Quando a filósofa Marilena Chauí disse que pertencemos a uma geração privilegiada, pelo fato de termos presenciado transformações políticas importantes, eu me identifiquei imediatamente com ela. A vitória de Lula há oito anos atrás representou a ruptura com uma tradição política elitista e oligárquica. O simples fato do ex-torneiro mecânico assumir o cargo mais importante do país já significava um enorme avanço. Claro que a história não o perdoaria se ele não fosse, no mínimo, melhor que seus antecessores. E foi o que de fato aconteceu.
Embora tenha tido uma vitória esmagadora sobre o adversário José Serra, Lula não contava, obviamente com a simpatia das elites brasileiras. O preconceito pela origem humilde e por não possuir um diploma de curso superior eram explícitos, por parte dos mais diversos setores da sociedade. Anos depois, mesmo com escândalos envolvendo membros de seu governo e a perseguição constante por parte da ala mais conservadora da imprensa, Luiz Inácio da Silva chega ao final de seu governo com o maior índice de aprovação já experimentado por um presidente brasileiro.
Fazendo um breve retrospecto, o governo de Lula colocou o país como uma das principais lideranças mundiais, melhorou a distribuição de renda do país e ampliou o acesso ao ensino superior, embora os investimentos na educação básica ainda sejam insuficientes.
O saldo é positivo em todos os aspectos, o sucesso do governo petista abriu precedentes importantes em termos de políticas sociais, culturais e econômicas, além de situar o presidente como uma das figuras mais influentes do quadro político internacional, admirado inclusive pelo atual presidente dos EUA, Barack Obhama, cuja eleição também representou uma quebra de paradigmas pelo fato de representar o retorno dos democratas ao poder, após anos do desastroso governo republicano de George W Bush, e por ser o primeiro negro a ocupar a cadeira da nação mais poderosa da terra. Isso cerca de 40 anos após a luta pelos direitos civis naquele país.
A eleição de Dilma Roussef para a Presidência da República representa, para mim, um passo tão importante quanto o que foi dado há oito anos atrás, com a vitória de Lula. Estamos diante de outra ruptura, temos uma mulher no poder em uma sociedade ainda patriarcal. Segundo, Dilma representa a continuidade de um projeto social que mudou o panorama do país.
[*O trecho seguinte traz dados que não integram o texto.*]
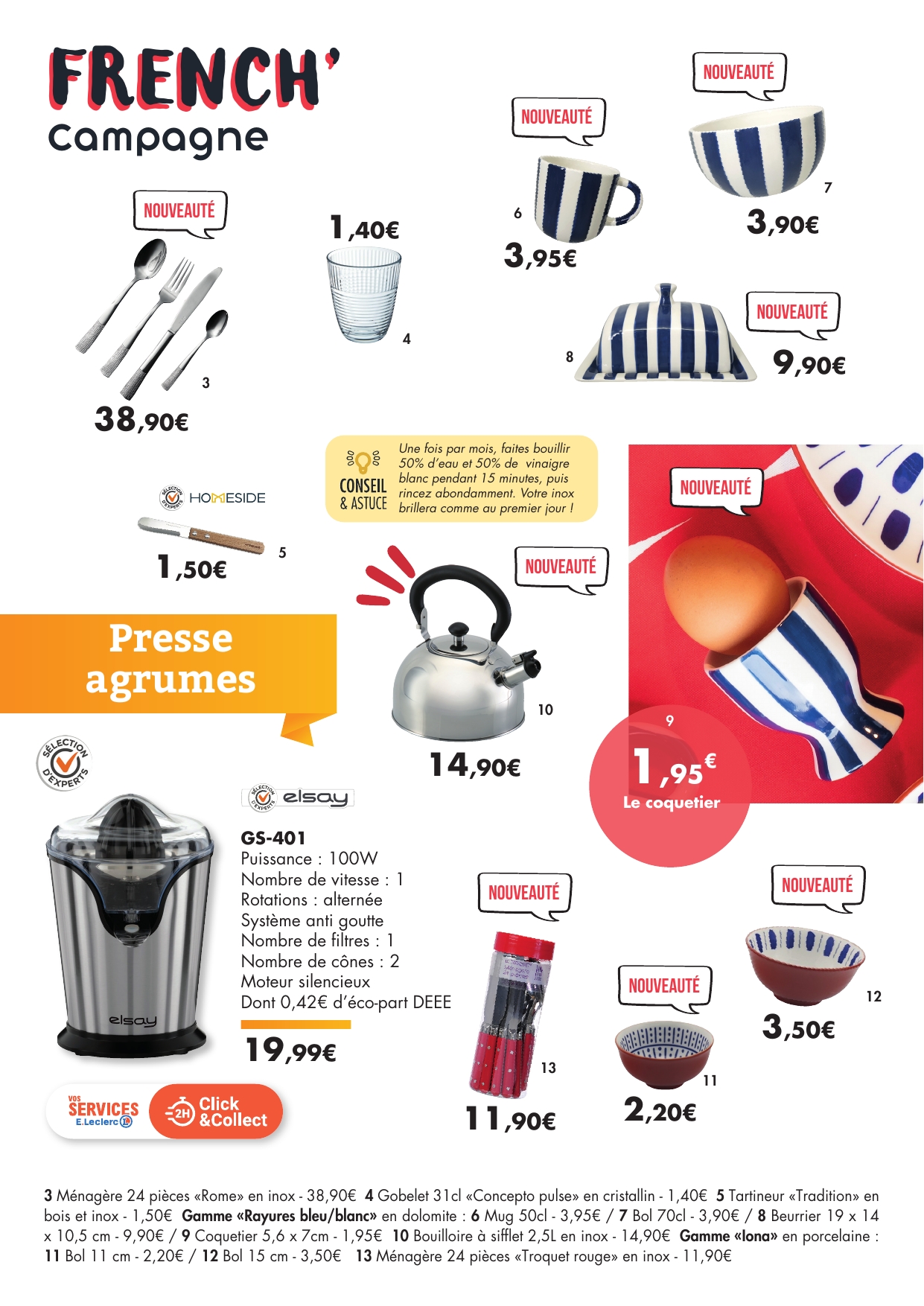 e-leclerc - Catalogue E.Leclerc - Le Mag'maison valable du 17/03/2026 au 31/05/2026 - page: 9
A campanha presidencial também ficará marcada na história por razões menos dignas de orgulho, como o tom religioso que predominou durante boa parte da campanha. Ao mesmo tempo em que a discussão sobre o aborto saiu do campo da saúde pública para o reducionismo moralista da questão. O Brasil se mostrou um país conservador em vários aspectos, embora o fator “Lula” tenha prevalecido no final.
E será justamente este um dos maiores desafios de Dilma, a figura mítica do presidente mais popular da história do país até então.
Na ocasião em que Lula assumiu a Presidência do país em 2003 eu acabava de ingressar na faculdade, hoje sou o primeiro homem da minha família a conquistar um diploma de curso superior. Motivo de alegria e de preocupação já que segundo dados do IBGE o percentual de negros com formação universitária ainda é de apenas 4,7%, embora tenha aumentado nos últimos anos, ao passo em que o percentual de brancos é de 15%. Mais um desafio, entre muitos, a ser enfrentado pelo próximo governo.